白が1手戻し、それから#2にせよ  (8+10)

 なくなった駒は白がRBBSPPPPの8枚で、黒はQRBBSPの6枚。白側の駒取りはe筋のPによる4枚と黒Bf8の合わせて5枚が判明していて、黒側の駒取りはPによる3枚が分かっています。

 とりあえず-1.Sb3xBa1?と戻してみましょう。すると、この黒Bが成駒であることは分かりますが、それ以上の情報は得られませんね。よって、1.Rxa1としてみても、1...0-0とされてしまい、全然届きません。このcastlingを阻止するにはどうしたらよいのでしょうか?
 実は、Sを戻せば、黒のcastlingがillegalであることが示せます。でも、どうしてそんなことが言えるのでしょう?

           (図1)

 Bと違って、a1に黒Sを戻せばその直前の手がS成を戻す手であることはすぐに分かりますね。この黒Pは、遠くf筋から5枚も駒取りをしてa1に辿り着いていたのです。
 すると、他の黒Pでも3枚駒取りをしていますから、黒側の駒取りはこれで尽きています。
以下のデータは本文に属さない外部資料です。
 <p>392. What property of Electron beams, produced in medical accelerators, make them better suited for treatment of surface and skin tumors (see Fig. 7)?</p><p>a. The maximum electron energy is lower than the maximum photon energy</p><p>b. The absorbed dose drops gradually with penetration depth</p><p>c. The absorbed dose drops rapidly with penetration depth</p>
ところで、黒に取られた白駒の中にはh筋の白Pも含まれますが、これはどうやって黒Pに取られたのでしょう?
もうお分かりですね。このh筋の白Pが黒Pに取られるためには成る必要がありますが、黒Sを戻したために白の駒取りは既に尽きています。従って、黒Rh8が不動ではあり得ないので、黒のcastlingはillegalとなるのです。これより作意は、Retract -1.Sb3xSa1 & 1.Rxa1 --- 2.Ra8#(1...0-0?? illegal!)となります。